New Citrix ShareFile vulnerability allows hackers to see all shared files in your company

According to data destruction experts, Citrix has been rolling out critical updates for its enterprise customers without publicly notifying what these improvements are. Reports indicate that these updates fix multiple security vulnerabilities present in Citrix ShareFile, a content collaboration platform.

The security notice was leaked by Dimitri van de Giessen, an ethical hacker and systems engineer. Starting today, this alert will be publicly available today on Citrix’s official website.

Citrix ShareFile is an enterprise-level file sharing solution. Employees using this system can securely exchange sensitive and proprietary business data. Data destruction experts mention that this software provides a secure on-premises cloud environment for data storage with auditing capabilities and compliance controls. For example, a company can remotely block or erase data from potentially compromised mobile devices (such as theft or loss).

Identified vulnerabilities (CVE-2020-7473, CVE-2020-8982, and CVE-2020-8983) specifically affect customer-managed Citrix ShareFile storage zone controllers, a component that stores corporate data behind the firewall.

Data destruction experts say that if exploited, these vulnerabilities could allow an unauthenticated threat actor to compromise the storage zone controller and access sensitive ShareFile documents and folders.

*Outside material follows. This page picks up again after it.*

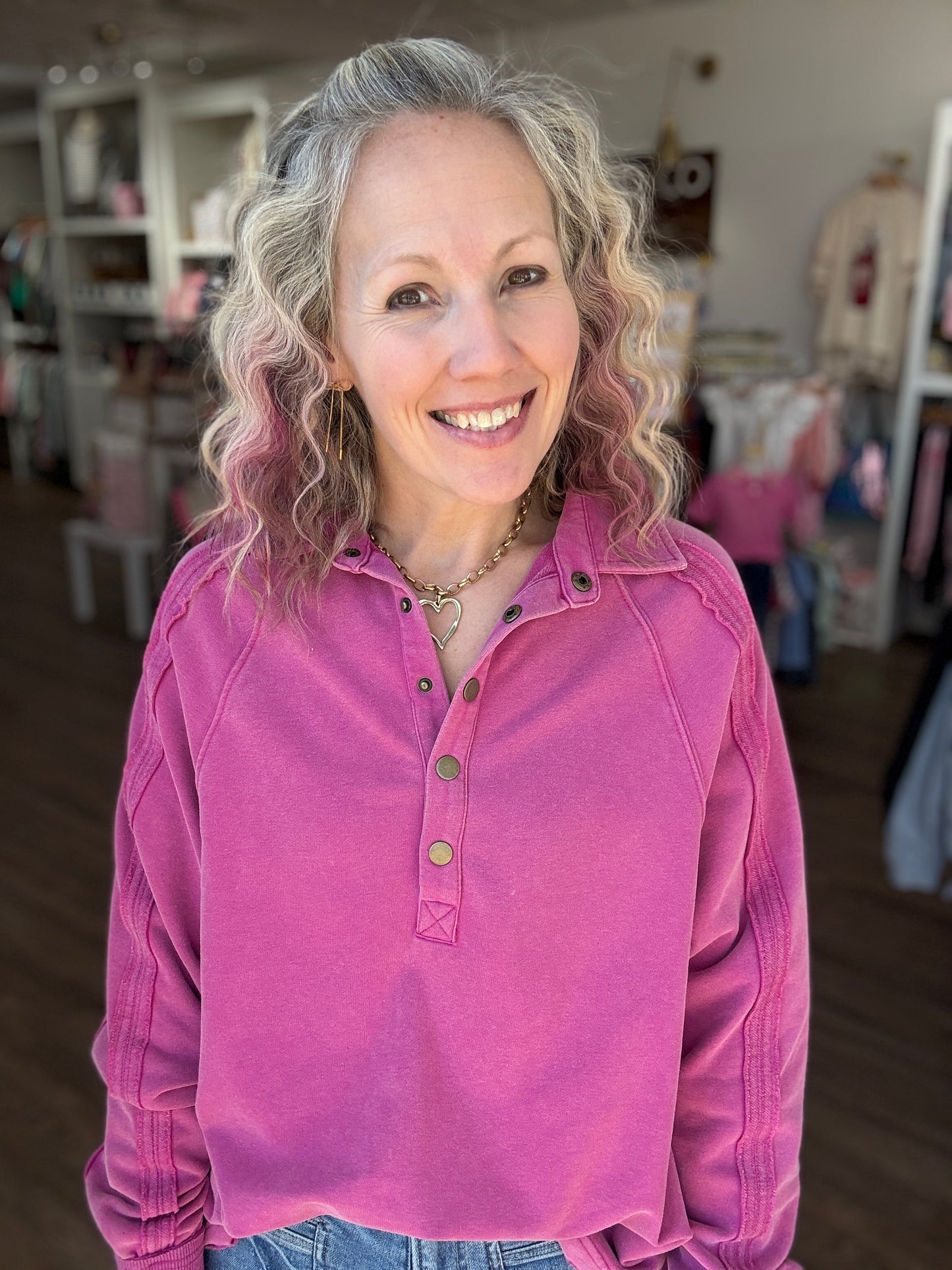 Marley Snap Sweatshirt- Magenta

To fix these flaws, the company launched a mitigation tool that must be run on the primary storage zone controller and then on any secondary controller: “Once the tool runs successfully in its primary zone, you MUST NOT roll back any changes. Reversing the changes will make your zone unavailable,” the security alert mentions.

In addition to the on-premises solution, cloud versions of ShareFile storage zone controllers were also affected, but the company is already troubleshooting these flaws, so no additional user action is required.

Finally, although not many technical details about the underlying vulnerabilities are known, an update inspection revealed that at least one of these flaws could have resided in an old toolkit ASP.net that Citrix Sharefile used.

The outdated 9-year version of AjaxControlToolkit that is allegedly included with the affected versions of ShareFile software contains remote code execution and directory traversal vulnerabilities. These flaws were first revealed in 2015.

For further reports on vulnerabilities, exploits, malware variants and computer security risks you can access the website of the International Institute of Cyber Security (IICS), as well as the official platforms of technology companies.